Suatu ketika ada seorang laki-laki datang kepada Khalifah Al-Muhtadi untuk meminta tolong agar dibebaskan dan dihakimi masalah sengketanya dengan orang lain. Khalifah pun menghukumi dan memberi keputusan kepada keduanya.

Khalifah Al-Muhtadi memberikan putusan dengan begitu adil sehingga salah seorang di antara mereka berucap, "Engkau telah menghukumi dan memutuskan perkara di antara kami dengan wajah yang bersih dan putih berseri laksana rembulan yang bersinar, yang tidak menerima orang yang menyuap dalam pengadilannya dan tidak menghiraukan kejahatan orang yang akan menzalimi."

Tatkala Khalifah Al-Muhtadi mendengar perkataan lelaki itu, ia berucap, "Semoga Allah membaguskan apa yang engkau katakan. Sesungguhnya aku tidaklah mengambil manfaat dari apa yang kau katakan tadi, karena sesungguhnya tidaklah aku duduk di mahkamah ini (hakim) sehingga aku membaca dan menghayati ayat Al-Qur'an ini: 'Kami akan memasang timbangan yang tepat pada hari kiamat, maka tiadalah dirugikan seseorang barang sedikit pun. Dan jika (amalan itu) hanya seberat biji sawi pun pasti kami mendatangkan pahalanya. Dan cukuplah kami sebagai pembuat perhitungan.' (QS. Al-Anbiya: 47)."

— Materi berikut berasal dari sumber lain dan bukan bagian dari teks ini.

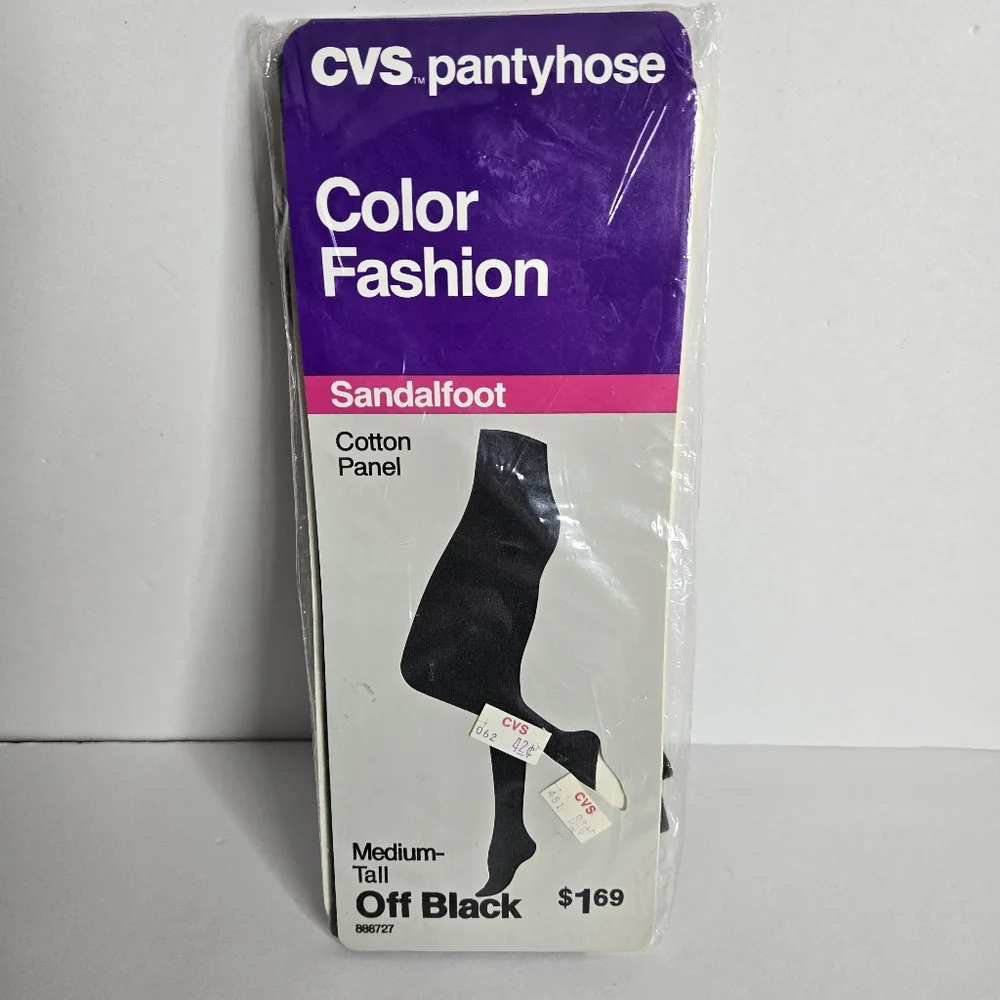 CVS Color Fashion Pantyhose Off Black Size Medium Tall Sandal Foot VTG NWT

Orang-orang pun menangis mendengar ucapannya tadi. Tidak pernah ada orang yang menangis lebih banyak jumlahnya daripada hari itu.

Khalifah Al-Muhtadi biasa melakukan puasa berturut-turut sejak dilantik menjadi khalifah hingga terbunuh. Ia sangat suka mengikuti perilaku Khalifah Umar bin Abdul Azis dalam menjalankan pemerintahan, kewara'an, hidup serba kekurangan, banyak ibadah, dan sangat berhati-hati mengambil keputusan. Ada banyak kesamaan antara Umar bin Abdul Azis dengan Al-Muhtadi.

Imam As-Suyuthi dalam Tarikh Al-Khulafa' memaparkan kisah menarik tentang ibadah Khalifah Al-Muhtadi ini. Suatu malam menjealng Isya di bulan Ramadhan, Hasyim bin Qasim sedang menemani Khalifah Al-Muhtadi. Setelah shalat Isya, sang khalifah mengajak Hasyim makan malam.

Sajian malam itu sangat sederhana. Hasyim mengira setelah makanan itu akan ada lagi makanan lainnya. Ketika hal itu disampaikan kepada khalifah, ia menjawab, "Di kalangan Bani Umayyah ada seorang bernama Umar bin Abdul Azis. Engkau tahu bagiamana ia menyikapi dunia ini? Aku cemburu dengan apa yang dilakukan Bani Hasyim. Maka aku mengambil sikap seperti yang engkau saksikan."

Khalifah Al-Muhtadi wafat pada Senin, 14 Rajab 257 H. Ia hanya memerintah setahun kurang lima hari. Ja'far bin Abdul Malik ikut menshalatkan dan menguburkannya dekat makam Al-Muntashir bin Al-Mutawakkil.